Hyrax - THREDDS Configuration

From OPeNDAP Documentation
Revision as of 00:18, 28 June 2008 by Ndp (talk | contribs) (This Is the Important section. Read This First!)

@TODO: Revise this page to improve clarity and usability

This release of Hyrax supports the complete THREDDS catalog service stack. THREDDS catalogs are controlled by a catalog.xml file located in the (persistent) content directory for the OLFS (More on that here). Rather than provide an exhaustive explanation of the THREDDS catalog functionality and configuration I will appeal to the existing documents provided by our fine colleagues at UNIDATA:

Did you read all that? Excellent!



1 Configuration Instructions

In order to get THREDDS catalogs working on Hyrax YOU MUST do at least the following:


  1. For each collection that appears in the top level of the OPeNDAP directory response (http://localhost:8080/opendap/contents.html if Hyrax is running out of the box on your machine) you MUST create a <datasetScan> in the catalog.xml file located in the persistent content directory ($CATALINA_HOME/content/opendap).

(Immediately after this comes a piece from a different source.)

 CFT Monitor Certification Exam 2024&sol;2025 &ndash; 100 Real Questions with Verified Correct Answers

    The THREDDS catalog views will NOT include a collection for which this is not done!

  2. In each <datasetScan> element that you create you MUST use the following element: <crawlableDatasetImpl className="opendap.bes.BESCrawlableDataset" /> This is the only CrawlableDataset implementation available!

  3. No matter what your BES collection looks like, the location attribute of the <datasetScan> element must begin with "/bes". This is a THREDDS requirement.

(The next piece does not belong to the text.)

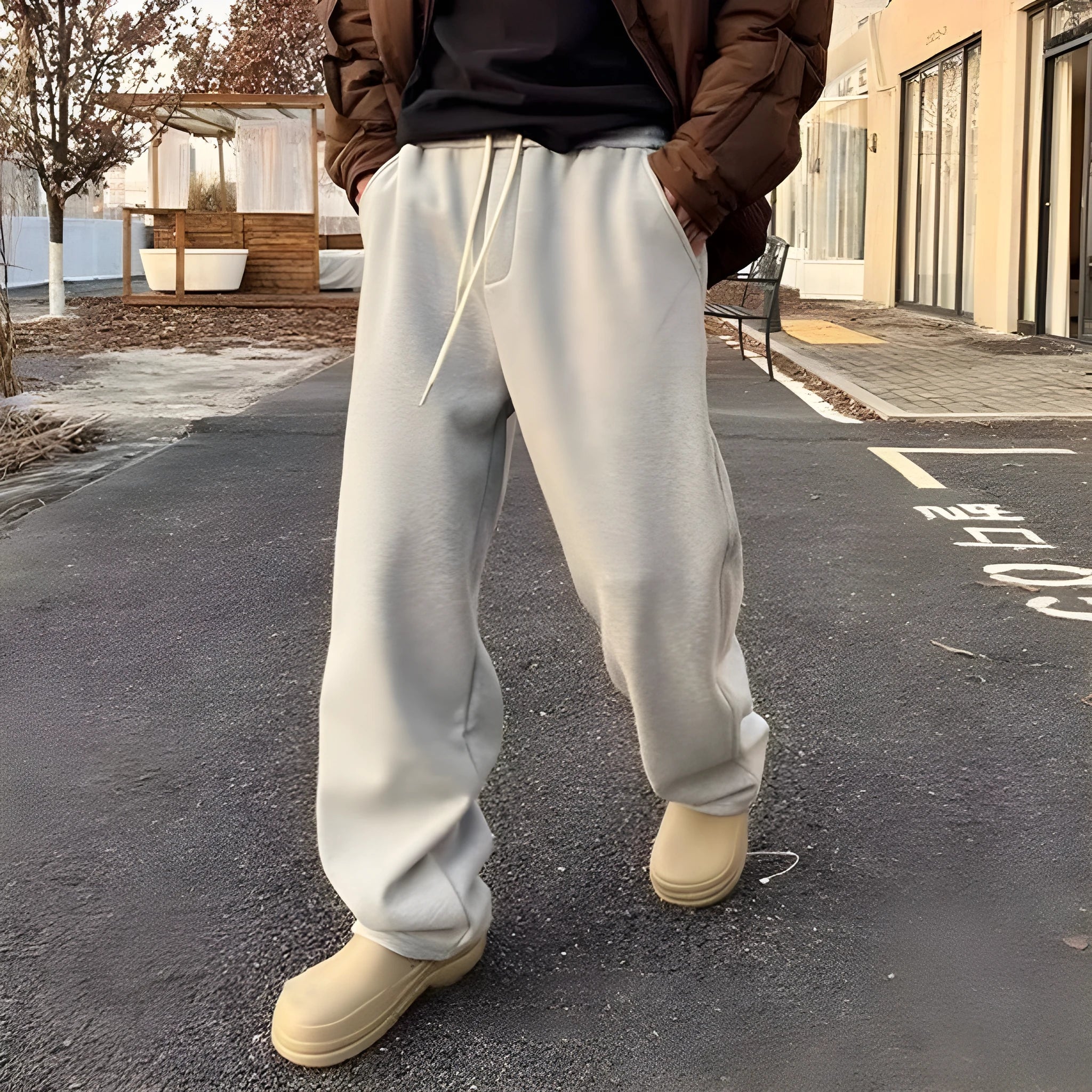 Men's casual sweatpants in black cotton loose fit with elastic waist and mid rise side view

  4. The service attribute in the <datasetScan> element must be set to "OPeNDAP-Hyrax".

  5. The path attribute in the <datasetScan> element appears in the URL after the servlet name, and MUST be the same as the value of the location attribute with the leading "/bes/" removed. In other words it MUST NOT start with a "/" character .

  6. You should apply a filter to the data that coincides with the value of the "BES.Catalog.catalog.TypeMatch" for the data types being served. I suggest that you make the filter expose ALL of the data types served by the BES. See the THREDDS pages on the DatasetScan Element for filter details. The point of this to remove files from the catalog view that are NOT OPeNDAP data. For example README files.

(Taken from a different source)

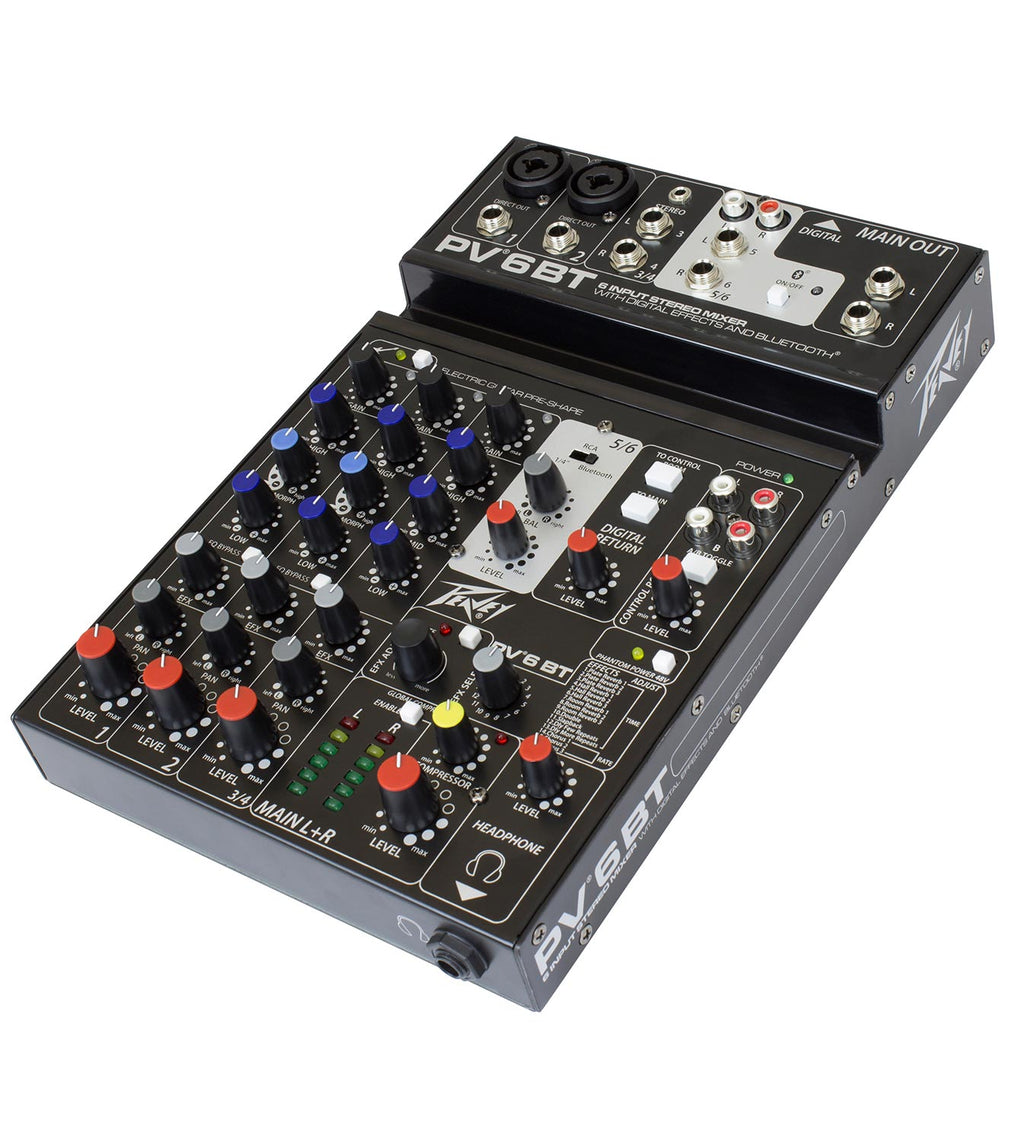 Peavey PV® 6BT Compact Mixer 6 Channel with Bluetooth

  7. Add metadata as you see fit. If you REALLY did read the THREDDS documentation above you will already have a clue about this. If you haven't DO SO NOW.



2 Reinitializing THREDDS

The THREDDS catalog is read when Tomcat is started. Hyrax will check the last modifed date of the catalog.xml file prior to responding to a THREDDS catalog request. If the last modifed date has changed since Tomcat started, then Hyrax will reload all of the THREDDS catalog information.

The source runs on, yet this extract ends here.